I am posting a question about Lesson 9B - the math of diffusion - YouTube here, as the forum link in the video description is broken.

In diffusion lectures 9 and 9B, the models are explained in terms of predicting noise. To my understanding such explanation is consistent with DDPM and subsequent models, however, (Sohl-Dickstein et al. 2015) appear to be predicting the mean and covariance of normal distributions rather than the noise:

During learning only the mean and covariance for a Gaussian diffusion kernel, or the bit flip probability for a binomial kernel, need be estimated. As shown in Table
App.1, \mathbf{f}_\mu\left(\mathbf{x}^{(t)}, t\right) and \mathbf{f}_\Sigma\left(\mathbf{x}^{(t)}, t\right) are functions defining the mean and covariance of the reverse Markov transitions

Consequently, I have the following questions:

  1. Are (Sohl-Dickstein et al. 2015) indeed predicting mean and covariance or is that just a matter of mathematical notation and in practice, the neural networks are trained on predicting noise?

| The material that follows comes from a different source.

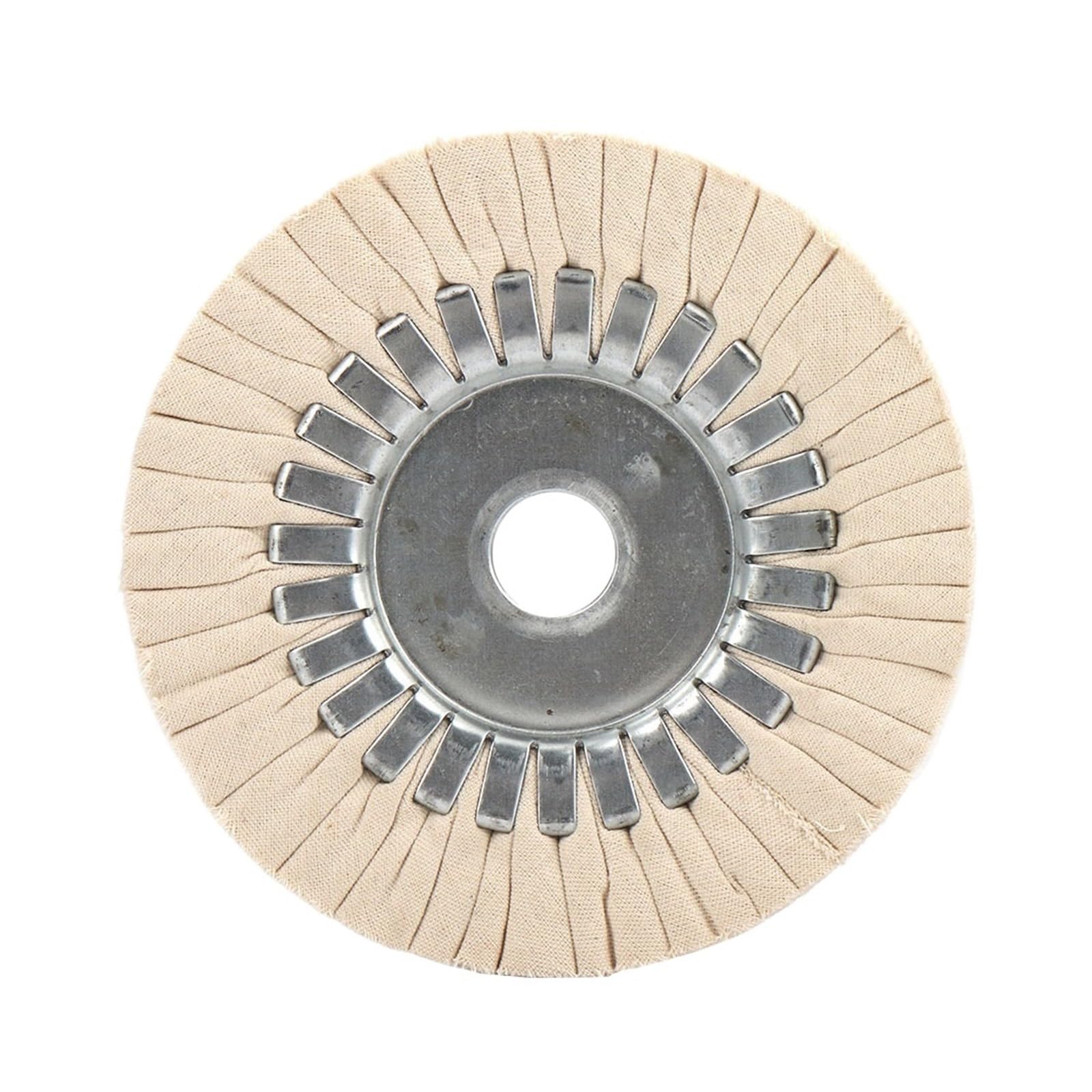 1 Stück 6 Zoll Baumwolle Airway Polierscheibe 150 mm 20/22 Bohrung(150x22mm)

If the former is the case in and we are training neural networks to predict parameters of normal distributions, then:

  1. What is the basic structure of our neural networks, do they take a noisy image \mathbf{x}^{(t)} and timestep t as input and return a matrix of mean and variance values for each pixel?

  2. Given networks \mathbf{f}_\mu and \mathbf{f}_\Sigma how do we then generate images? Is it just a mater of sampling each pixel’s value from it’s coresponding normal distribution, where each pixel’s normal distribution is defined by parameters predicted by a neural net?

Answers to any questions above would be very welcome!

Although (Sohl-Dickstein et al. 2015) provide a reference implementation, I found it difficult to find the answers to the questions above there, as the code is written in a fairly obscure framework (i.e. Blocks).

DDPM and Sohl-Dickstein et al are different. The DDPM paper explains why switching to just predicting noise works well. Since DDPM, Karras et al and others have used a mix of noise and image prediction.

Karras is probably the best paper to read to understand the options and differences between them.

I’ve not attempted to implemented Sohl-Dickstein et al directly myself because it’s extremely slow and is more complex than DDPM and following approaches.


Thank you.